Aviation Investigation Report A97Q0168

Collision with terrain
Cessna 180K C-GIGK
Aux Mélèzes River, Quebec

The Transportation Safety Board of Canada (TSB) investigated this occurrence for the purpose of advancing transportation safety. It is not the function of the Board to assign fault or determine civil or criminal liability. This report is not created for use in the context of legal, disciplinary or other proceedings. See Ownership and use of content.

Table of contents

    Summary

    The pilot of the seaplane, serial number 18053048, accompanied by one passenger, took off from the du Gué River, in the extreme north of Quebec, to look for a good location to fish and set up a temporary camp. During the approach for a water landing on the aux Mélèzes River, the pilot executed a go-around. A short time later, the aircraft crashed on the south slope of the valley running alongside the river. The pilot and the passenger, who was seated in the right seat, were fatally injured. The aircraft was destroyed by the fire that started a few seconds after impact.

    Factual information

    On 07 August 1997, C-GIGK and CF-RHI, two Cessna 180K aircraft, departed Montreal for a flight to the Ungava Bay region, in the extreme north of Quebec, for a fishing trip that was to last about 10 days. Each aircraft had one pilot and one passenger on board. On 10 August, the day of the accident, both aircraft took off from Lake Maricourt, Quebec, and proceeded north. Conditions were suitable for visual flight; visibility was over 15 miles, the temperature was 27 degrees Celsius, there was no precipitation, and the cloud layer was over 5,500 feet above sea level (asl).

    The two aircraft first landed on the du Gué River. Around 1230 eastern daylight time (EDT)Footnote 1, the seaplanes took off again for the aux Mélèzes River, which they followed in a westerly direction, to find a suitable place to fish and set up a temporary camp. The floor of the valley is at an altitude of 300 feet asl, and the terrain on both sides of the river rises to at least 1,200 feet asl. The wind was from the west at approximately 20 knots; it was blowing partly parallel to the river, with a light south component.

    Photo 1: Sectional View of Surrounding Mountains
    Image
    Sectional View of Surrounding Mountains

    During the flight, the pilots communicated with each other on a common VHF frequency. C-GIGK was a few miles ahead of CF-RHI at an approximate altitude of 1,000 feet asl. After finding a spot he considered suitable, just upstream from some rapids, the pilot of C-GIGK relayed the information to the other pilot so the latter could make an inspection overflight of the site. The pilot of CF-RHI overflew the suggested location, then made a water landing with no difficulty. A short time later, the pilot of C-GIGK initiated a final approach to land at the same spot, but before touchdown, the pilot initiated a missed water landing procedure. He then informed the pilot of CF-RHI that he was going to inspect more carefully the landing area.

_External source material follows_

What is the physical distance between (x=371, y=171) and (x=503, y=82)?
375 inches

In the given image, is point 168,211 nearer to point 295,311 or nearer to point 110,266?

He had decided to fly another circuit because he was unsure of the strength of the current in the river. After advising the pilot of CF-RHI of his intentions, the pilot of C-GIGK did a go-around over the river to about 450 feet above ground level, followed by a 90-degree left turn to join the cross-wind leg. The aircraft levelled off and proceeded toward the south slope of the valley. About 30 seconds later, as C-GIGK had not yet turned parallel to the river and the upward-sloping terrain, for the downwind leg, and the seaplane was getting close to the rising terrain, the pilot of CF-RHI advised the pilot of C-GIGK to watch out for the mountain. A few seconds later, the aircraft pitched up without changing heading, then made two turns; the first turn was at a low bank angle to the right, upwind, and the second turn was steep and to the left, downwind. The aircraft started to lose altitude and pitched up gradually until it struck the trees, then struck the ground in a nose-down attitude. Four or five seconds after the impact, a fire started on the right side of the cabin. Thirty to sixty seconds elapsed between the pull-up and the accident.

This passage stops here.